» TO DO
All of the data is to be printed exactly, though the images must be left off.

» PROVIDED RECORDS
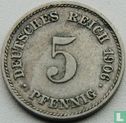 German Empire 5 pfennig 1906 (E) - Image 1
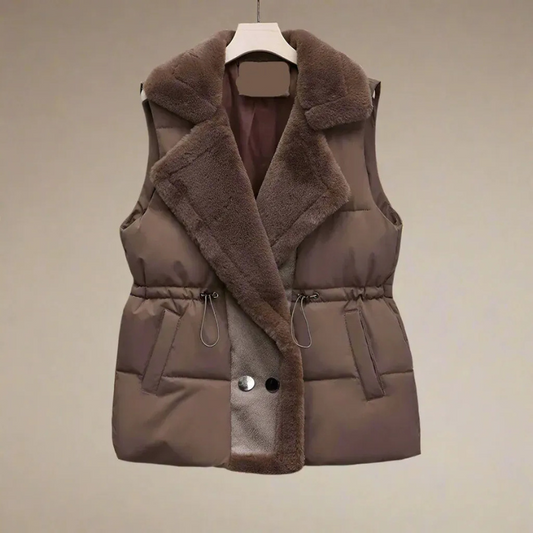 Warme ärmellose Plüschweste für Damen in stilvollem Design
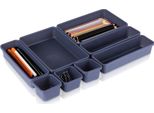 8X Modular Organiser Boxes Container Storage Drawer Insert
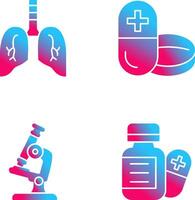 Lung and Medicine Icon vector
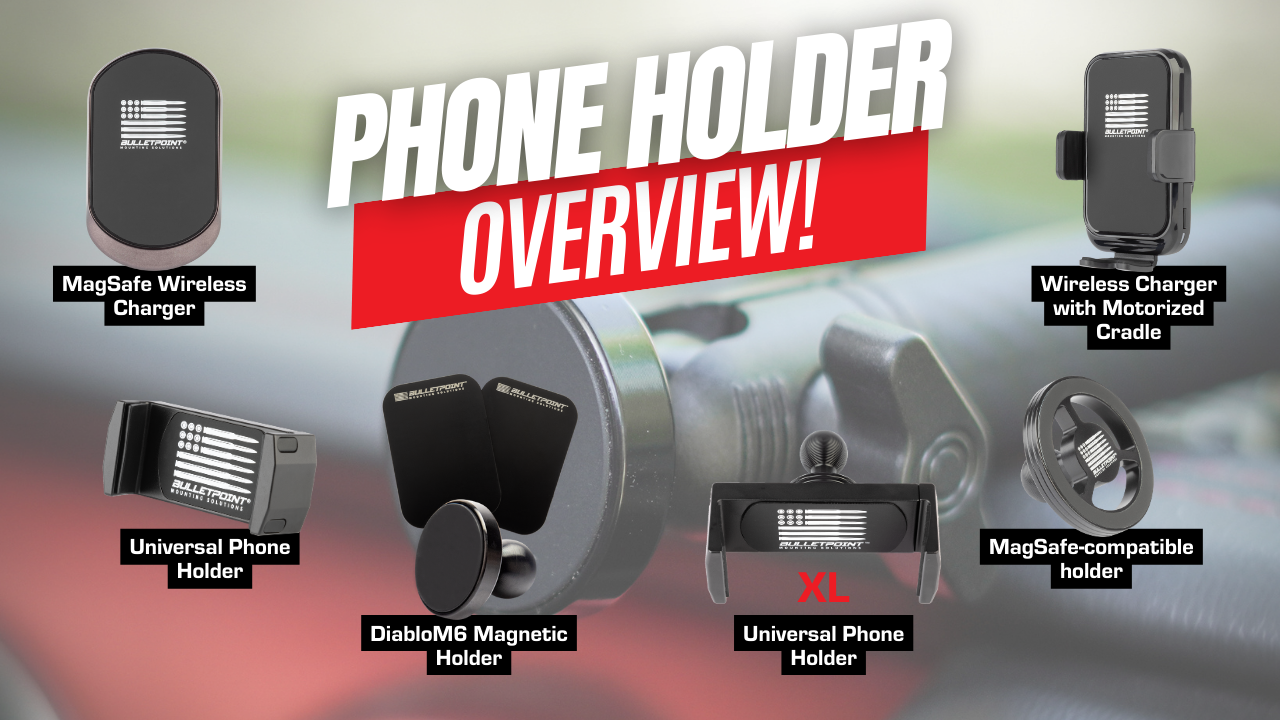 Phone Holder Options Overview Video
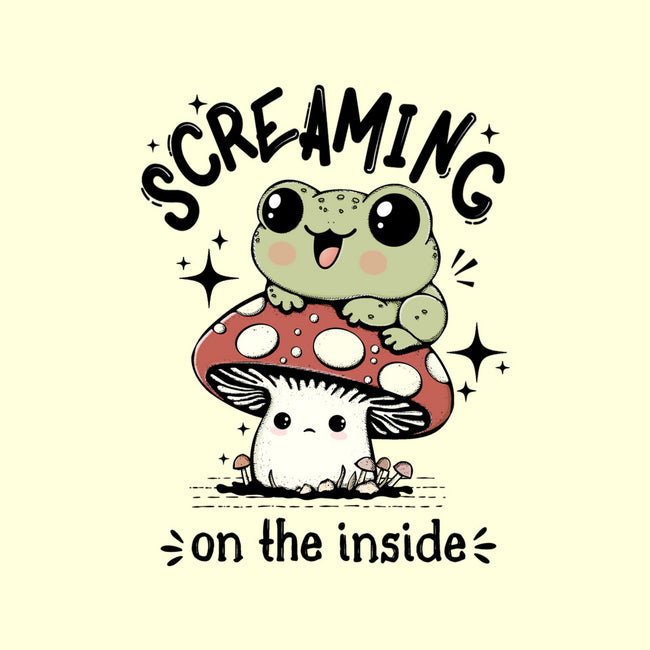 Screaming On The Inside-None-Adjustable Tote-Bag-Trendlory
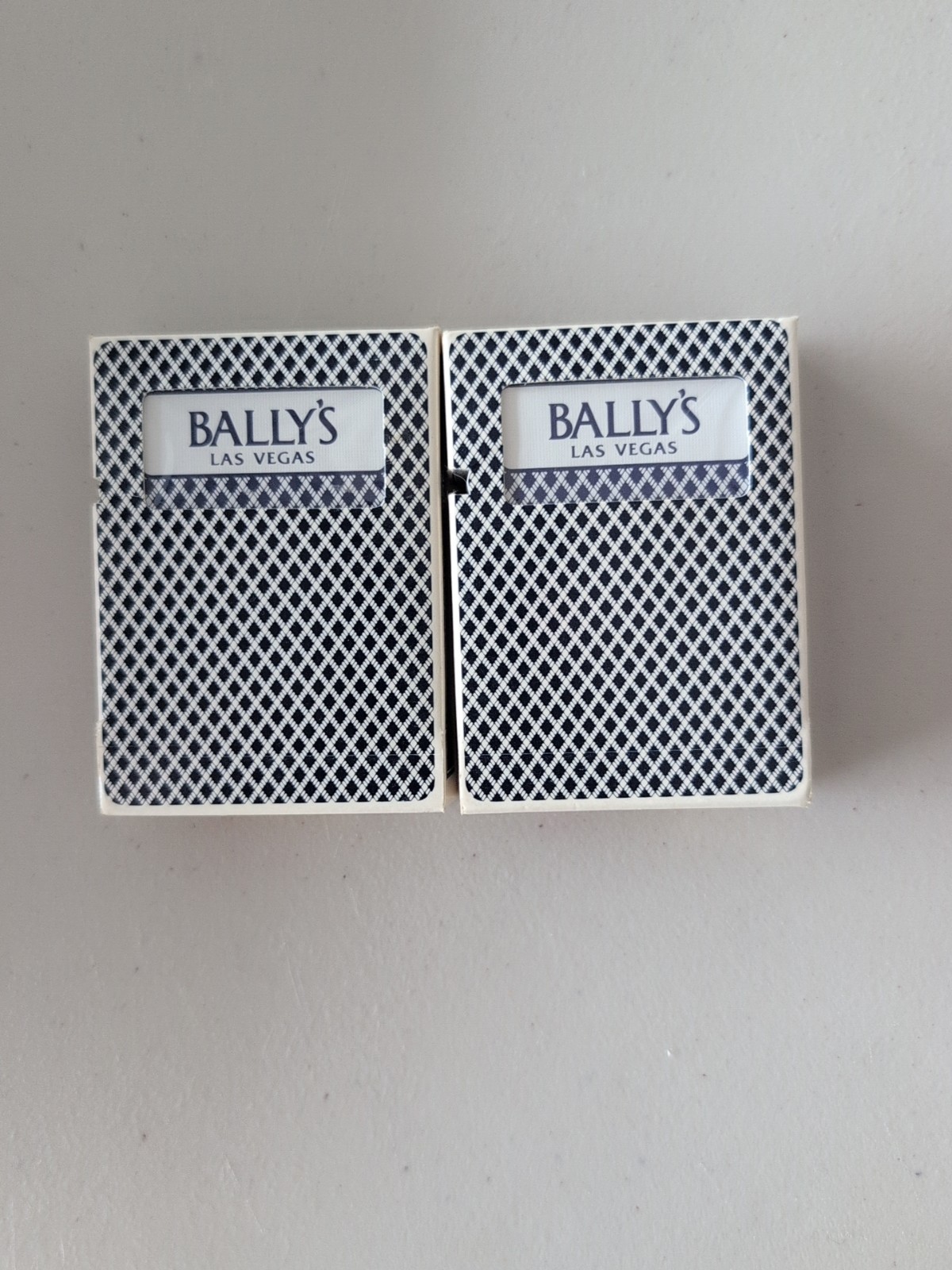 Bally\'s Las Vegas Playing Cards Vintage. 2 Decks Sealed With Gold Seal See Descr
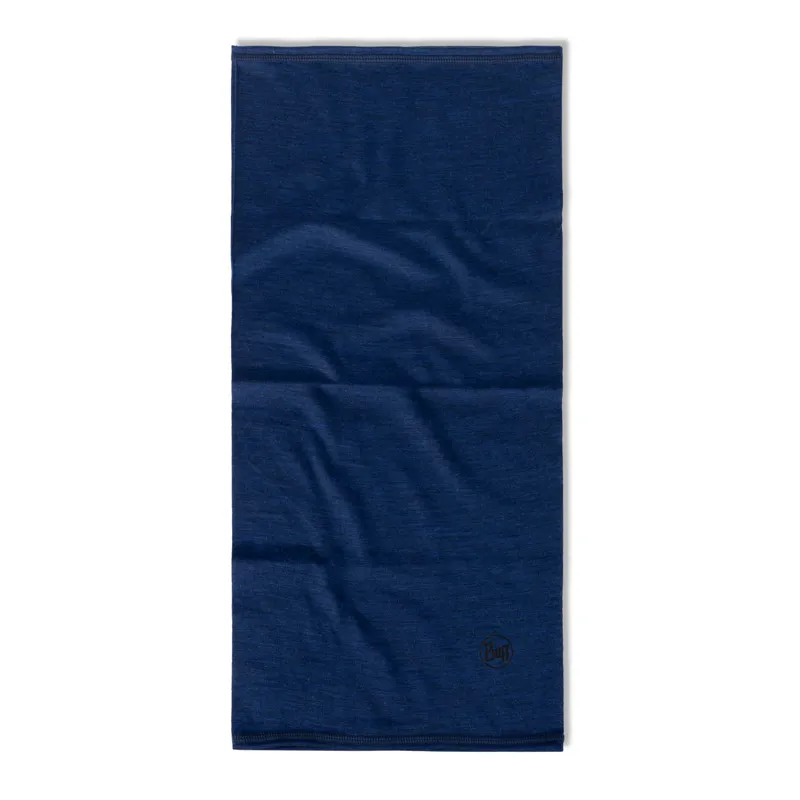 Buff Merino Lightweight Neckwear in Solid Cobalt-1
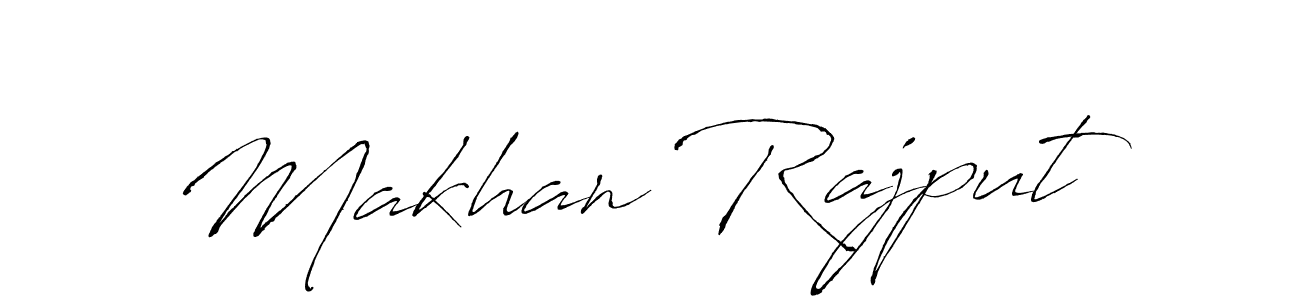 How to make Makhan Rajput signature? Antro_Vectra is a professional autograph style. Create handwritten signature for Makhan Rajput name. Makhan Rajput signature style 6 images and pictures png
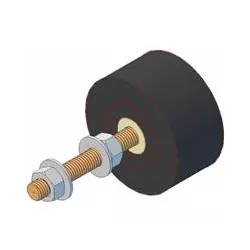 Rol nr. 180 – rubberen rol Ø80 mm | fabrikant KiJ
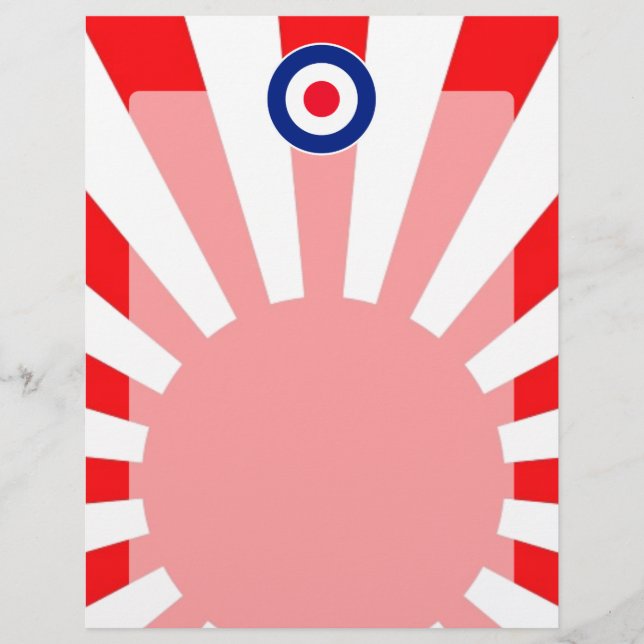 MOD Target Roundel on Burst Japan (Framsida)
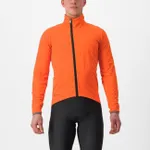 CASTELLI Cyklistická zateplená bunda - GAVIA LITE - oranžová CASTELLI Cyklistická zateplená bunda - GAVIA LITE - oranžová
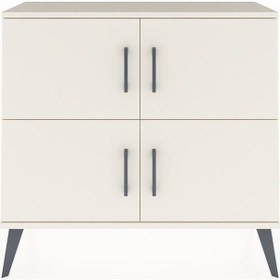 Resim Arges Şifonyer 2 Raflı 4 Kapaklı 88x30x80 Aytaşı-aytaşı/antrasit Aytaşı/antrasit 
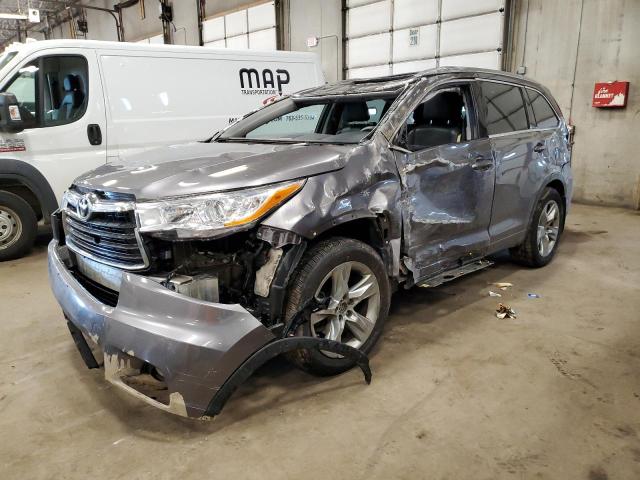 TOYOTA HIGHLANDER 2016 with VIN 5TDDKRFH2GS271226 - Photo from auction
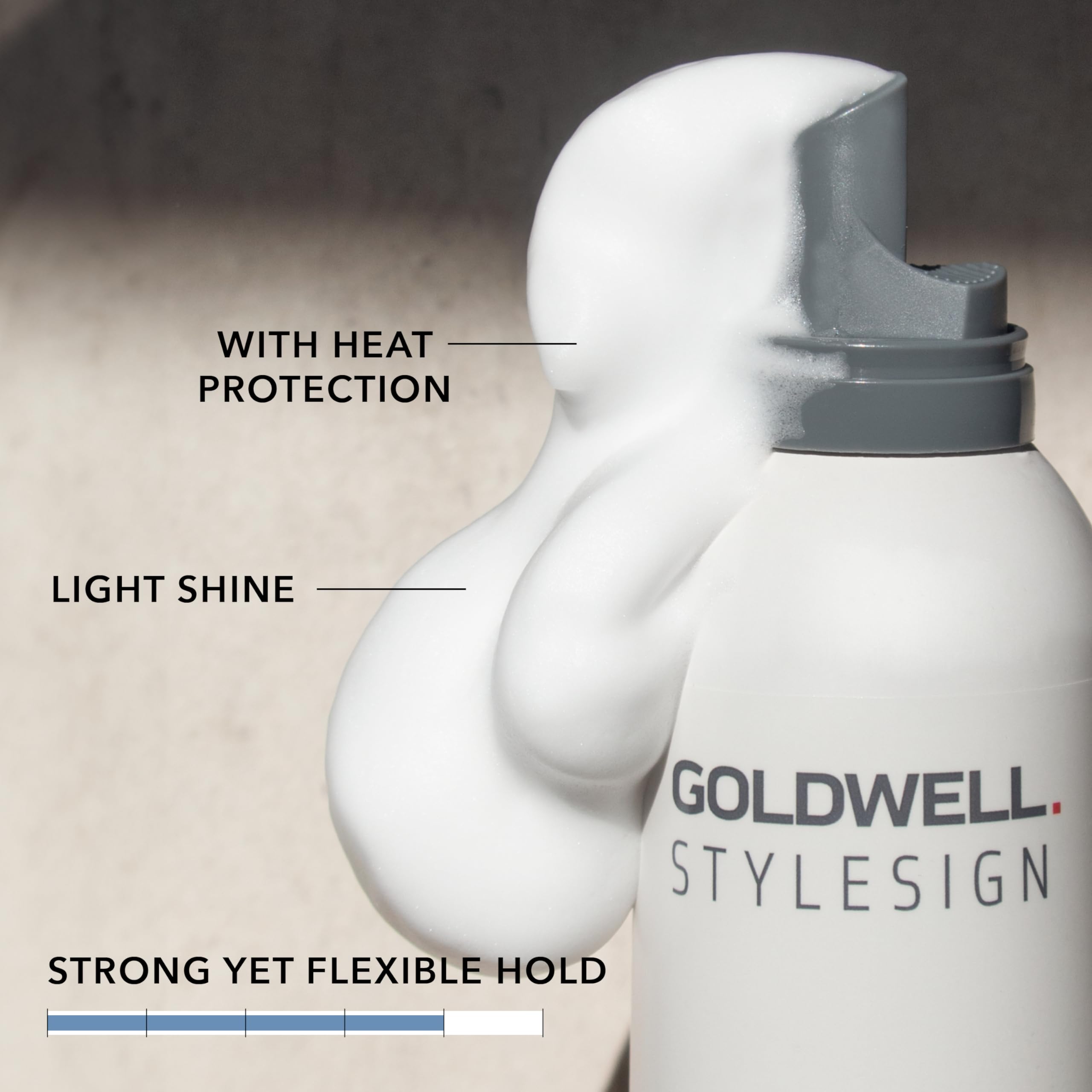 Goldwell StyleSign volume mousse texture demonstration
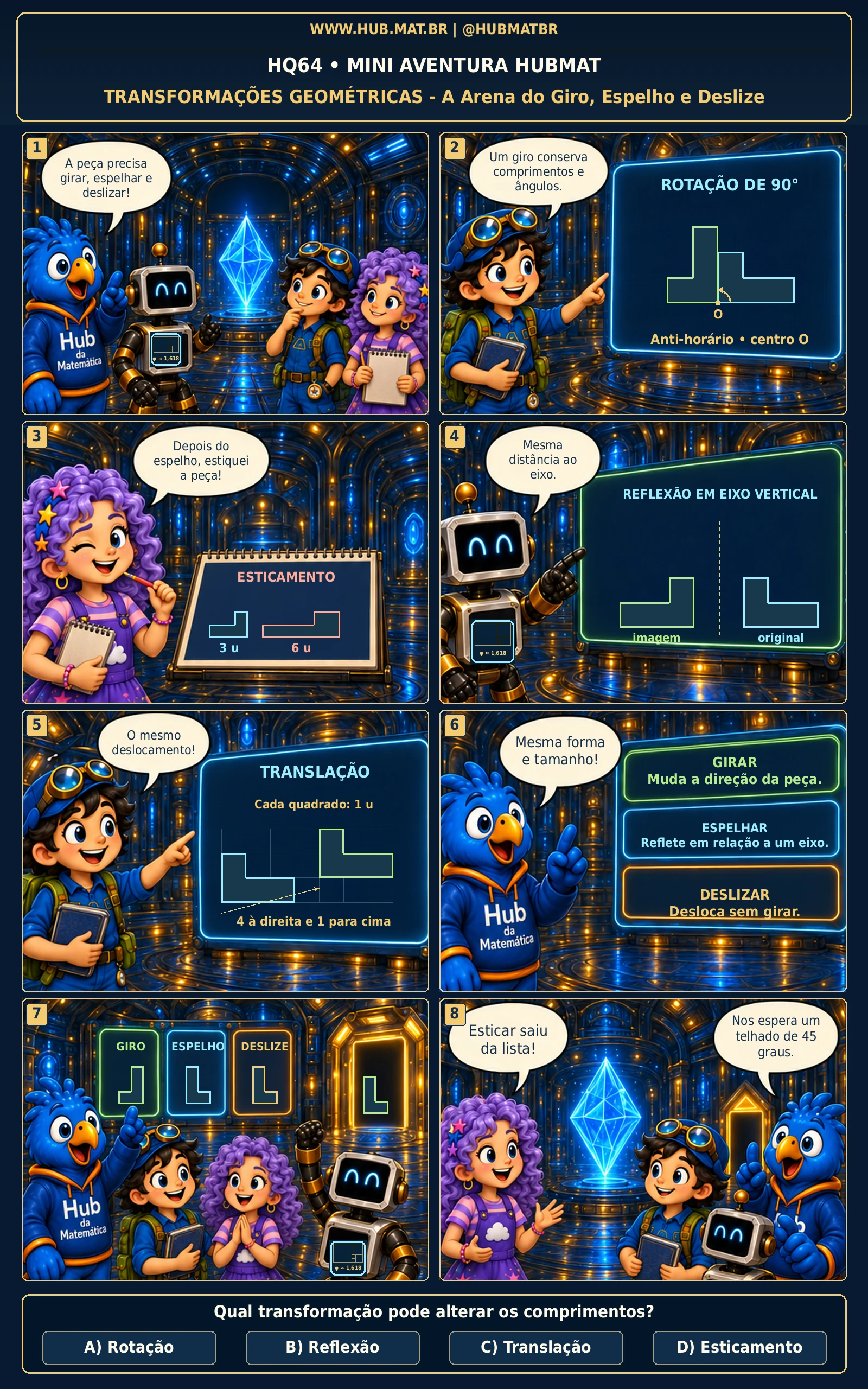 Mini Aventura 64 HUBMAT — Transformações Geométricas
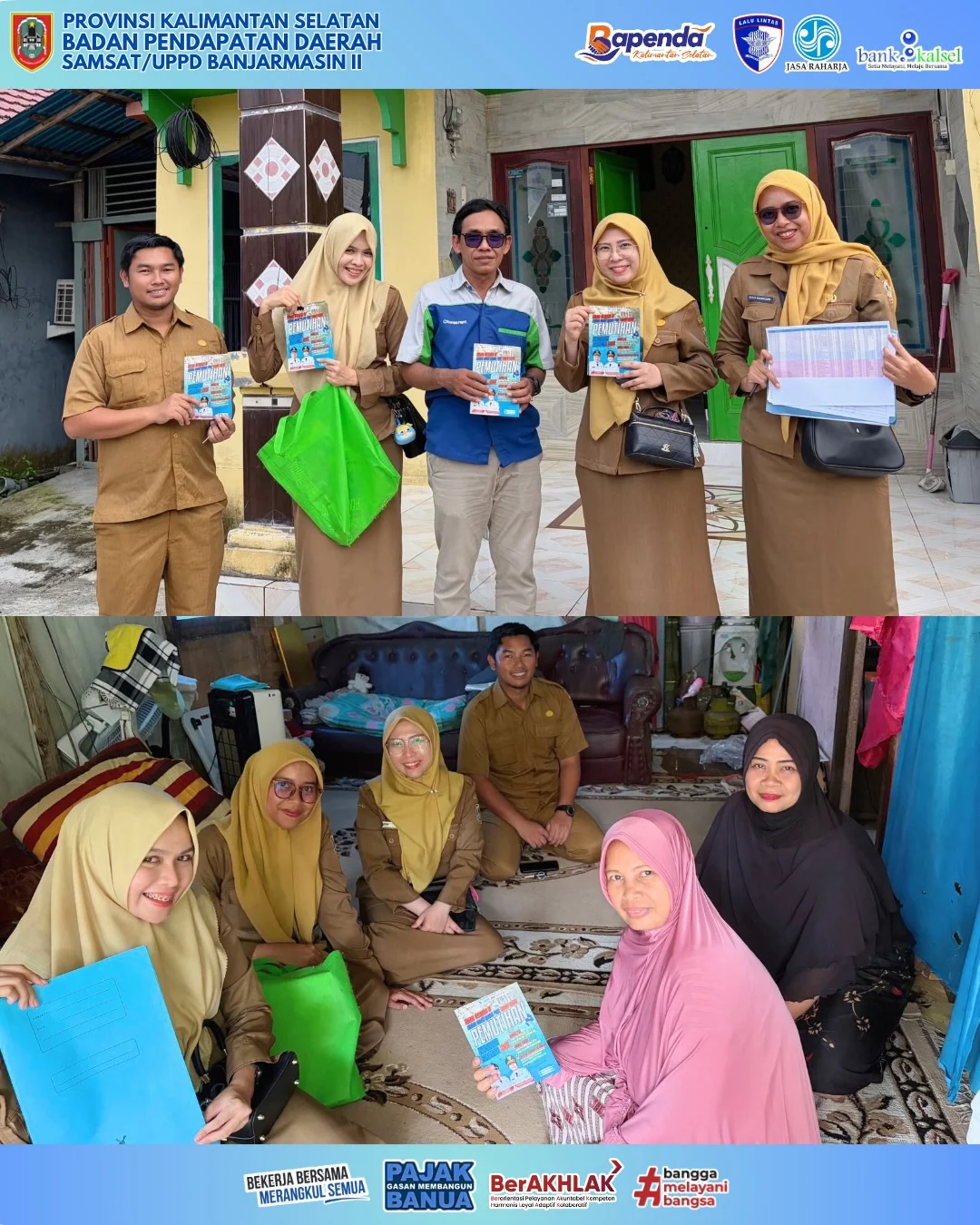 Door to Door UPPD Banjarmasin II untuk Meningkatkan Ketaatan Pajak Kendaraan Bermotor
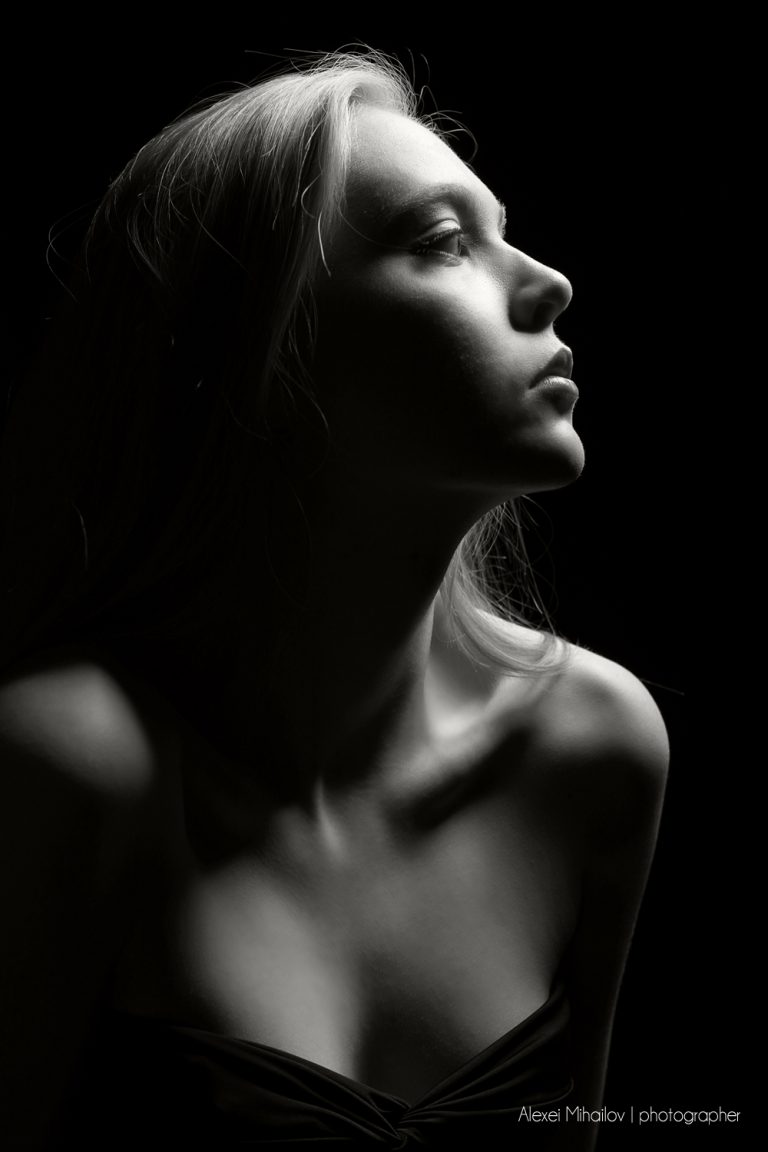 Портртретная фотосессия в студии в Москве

» FINISHED EXERCISE
 German Empire 5 pfennig 1906 (E) - Image 1
 Warme ärmellose Plüschweste für Damen in stilvollem Design
 8X Modular Organiser Boxes Container Storage Drawer Insert
 Lung and Medicine Icon vector
 Phone Holder Options Overview Video
 Screaming On The Inside-None-Adjustable Tote-Bag-Trendlory
 Bally\'s Las Vegas Playing Cards Vintage. 2 Decks Sealed With Gold Seal See Descr
 Buff Merino Lightweight Neckwear in Solid Cobalt-1
 How to make Makhan Rajput signature? Antro_Vectra is a professional autograph style. Create handwritten signature for Makhan Rajput name. Makhan Rajput signature style 6 images and pictures png
 Rol nr. 180 – rubberen rol Ø80 mm | fabrikant KiJ
 MOD Target Roundel on Burst Japan (Framsida)
 CASTELLI Cyklistická zateplená bunda - GAVIA LITE - oranžová CASTELLI Cyklistická zateplená bunda - GAVIA LITE - oranžová
 Resim Arges Şifonyer 2 Raflı 4 Kapaklı 88x30x80 Aytaşı-aytaşı/antrasit Aytaşı/antrasit 
 TOYOTA HIGHLANDER 2016 with VIN 5TDDKRFH2GS271226 - Photo from auction
 Goldwell StyleSign volume mousse texture demonstration
 Mini Aventura 64 HUBMAT — Transformações Geométricas
 Door to Door UPPD Banjarmasin II untuk Meningkatkan Ketaatan Pajak Kendaraan Bermotor
 Портртретная фотосессия в студии в Москве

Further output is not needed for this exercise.